Working for customs was more a fluke, it came up and I applied and enjoyed it. I worked with both enforcement, tariffs, and intelligence. During my years with both the military and customs I served with UN forces and the monitoring missions. During the Yugoslav conflict I was stationed in various missions and roles, appointed by the Sanctions Assistance Mission (SAM), and International Conference on Former Yugoslavia (ICFY) and both was difficult, and both high-level diplomatic as well as practical.

How did your studies of Computer programming and system design help advance your skills as a problem solver in complex operational and organizational challenges in your consulting career?
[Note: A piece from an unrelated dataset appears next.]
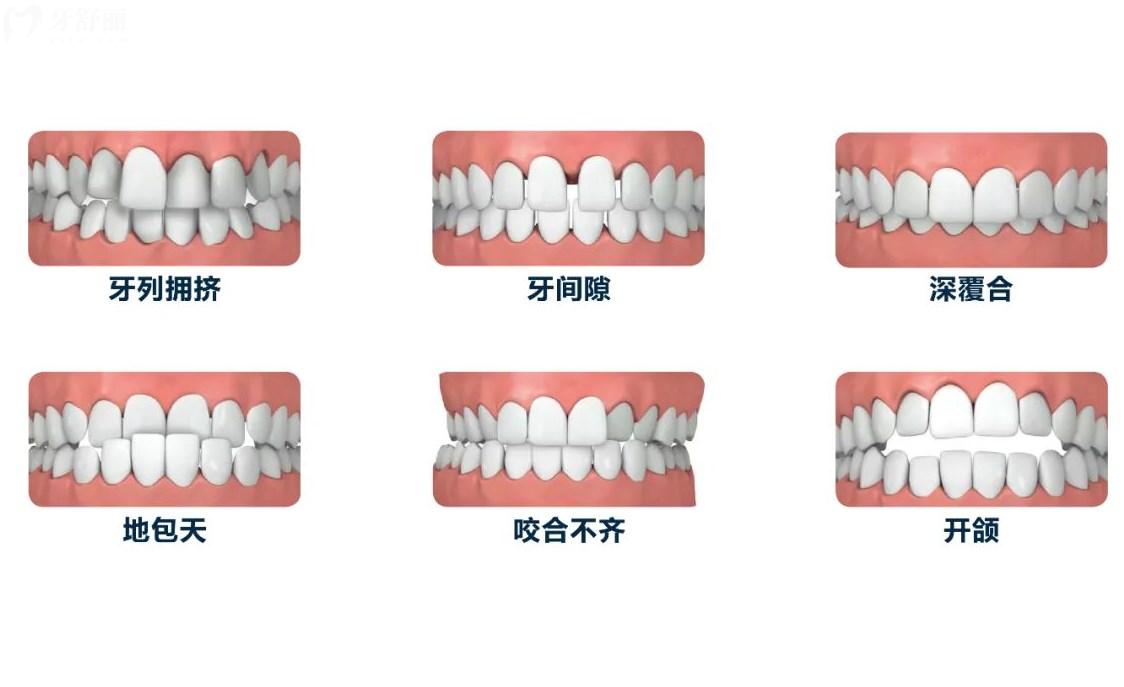 哪些牙齒需要做矯正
The IT side appeals to my structured side as you say it is all about problem-solving and structure, which also applies to consulting, but with the added spice of selling concepts and change to people, which isn’t always the easiest task… For a few years I worked for Gateway, organizing and streamlining their customer care and then I worked with different consuming firms. We had a lot of clients within the government, both in the US and EU. In 2010 I was based in Bay Area for a period including TechExcel, and they provided software for quality monitoring in pharma and tech industries, At Macmillan Cancer Support in UK I started with running a change programme with, and then their IT operations. Later I worked as a management consultant with Deloitte for a few years before my current job at SKUT.

Tell us about your volunteering work and favourite hobbies. When did get your pilot certificate?

I do a lot of volunteering and pro-bono work for charities and associations, to give back to the local community. I have been the chairman for several schools, including a Church of England primary school. When it comes to hobbies, then the list is long, I do fencing, shooting and travelling.

The pilot cert, is also more a fluke, as I fly a lot I took interest in how it works so the pandemic gave me some extra time when I wasn’t on the road, so I stated with taking a PPL and then added a CPL…now is the problem to keep it up…but the commands are there for example at take-off, and what happens first when you roll down the runway is to compare the instruments so then are same for both of us and that is normally done with a check at 80 knots, next step is V1, which is last stage you can abort take-off, then is rotation when you lift and then if it is a positive climb, wheels up and away.

What are the fundamental challenges for the future of SKUT? What have been the critical steps to come to a proposal?

The fundamental change is that the church membership in Sweden is declining and thus the money declines so both abroad and at home we need to take a bigger local responsibility. The steps for us at this time are to prepare the organisation for this and to make sure all parts work well together to achieve this. This thorough review has culminated in about 120 pages of suggestions to the board of governors (Kyrkostyrelsen).

Who is making the final decision and when?

Ultimately it will be the synod (Kyrkomötet) that decides although it will start with the board of governors (Kyrkostyrelsen) in March and finishes with the Kyrkomötet in late November.